The reasons for low culture positivity – patients seeking health care late in the disease and a low index of clinical suspicion leading to a delay in sample collection for cultures – emphasize the need to collect samples within 4 weeks of coughing. However, prior antibiotic treatment by the general physician in the community, a common practice in our set up, can also be responsible for a low culture yield. In light of these observations it is important to strengthen the laboratory infrastructure to enable confirmation of the clinical diagnosis of pertussis. In addition, the culture would help to characterize the strains further. We feel that the main reason for the presence of pertussis in a developing country like ours could be the lack of education in many sections of society, which could lead to poor vaccination compliance. Even amongst the higher socioeconomic classes the fear of side effects due to pertussis whole cell vaccine (used in India at present) can be a reason for avoiding the vaccination. In a study conducted in India to assess the child immunization coverage in Alwar district of Rajasthan (west of Delhi) it was observed that 82 % children were fully immunized in urban areas as compared to 45 % in rural areas (Gupta et al., 2006). A high drop-out rate was found for DPT vaccination (25.3 %) in rural areas as compared to urban areas (7.7 %). Similarly, in another study to assess the immunization coverage in two urbanized villages of East Delhi it was observed that although the coverage for the first three doses of DPT vaccine was between 70 and 80 %, it was only 40 % for the DPT booster (Chhabra et al., 2007). These surveys have shown a wide variation in vaccination rates across regions, states and different strata of society. The presence of inadequately immunized children helps maintain the circulation of the infectious agent within the community. We already have reported the occurrence of diphtheria in the population, which is indirect evidence of inadequate DPT vaccine coverage (Lodha et al., 2000).

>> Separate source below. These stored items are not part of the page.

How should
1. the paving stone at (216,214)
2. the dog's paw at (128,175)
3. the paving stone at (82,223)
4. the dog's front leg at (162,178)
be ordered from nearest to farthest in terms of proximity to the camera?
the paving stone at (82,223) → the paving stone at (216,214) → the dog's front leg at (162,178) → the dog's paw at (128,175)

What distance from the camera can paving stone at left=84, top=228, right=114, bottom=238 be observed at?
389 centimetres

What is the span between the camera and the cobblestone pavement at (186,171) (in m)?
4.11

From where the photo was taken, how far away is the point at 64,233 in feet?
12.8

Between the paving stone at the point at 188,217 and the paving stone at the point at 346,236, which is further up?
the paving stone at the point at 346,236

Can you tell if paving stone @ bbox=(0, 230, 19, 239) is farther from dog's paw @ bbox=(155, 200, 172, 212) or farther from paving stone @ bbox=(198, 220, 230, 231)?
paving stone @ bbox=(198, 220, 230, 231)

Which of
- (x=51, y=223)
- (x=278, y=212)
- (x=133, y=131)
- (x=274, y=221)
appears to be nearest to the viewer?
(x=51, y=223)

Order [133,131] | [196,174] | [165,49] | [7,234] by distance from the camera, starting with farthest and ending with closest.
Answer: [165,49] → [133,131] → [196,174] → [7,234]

The main limitation of our study is the small number of patients analysed, which is not sufficient to allow any conclusions to be drawn; but our work does demonstrate the ongoing circulation of B. pertussis in India. It reiterates the need for consolidating the ongoing surveillance, vaccination coverage and adolescent immunization against pertussis.
Acknowledgments
The study was supported by grants from the Department of Biotechnology, Government of India.